Therefore, the hooks 390 remain under the pressure which works in
the direction to keep the hooks 390 latched on the center shaft
451.
[0087] Thus, as the handgrip 381 is grasped, the hooks 390, one at
each lengthwise end, rotate in the direction indicated by an arrow
mark T, unlatching themselves from the center shaft 451, and
therefore, allowing the cartridge 40 to be removed from the
apparatus main assembly A.
[0088] In other words, in this embodiment, the hooks 390 (first and
second hook 390a and 390b) constitute the locking portions of the
cartridge side, and the center shaft 451 constitutes the locking
portion of the main assembly side.
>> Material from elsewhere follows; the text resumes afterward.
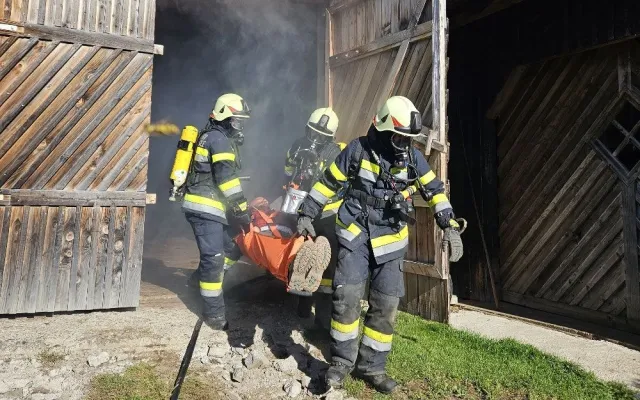 Gemeinschaftsübung: Gebäudebrand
Further, the rotational shafts
391 (first and second rotational shafts 391a and 391b) constitute
the releasing members.
[0089] The above described embodiments may be summarized as
follows.
[0090] The cartridge 40 removably mountable in the main assembly A
of an electrophotographic image forming apparatus comprises: the
developing member (305) for developing the electrostatic latent
image formed on the electrophotographic photoconductive member (1);
developer storage portion (302) for storing the developer t used by
the developing member (305a) for developing the electrostatic
latent image; locking portion (380a (FIGS. 4, 5, and 9), 390 (FIGS.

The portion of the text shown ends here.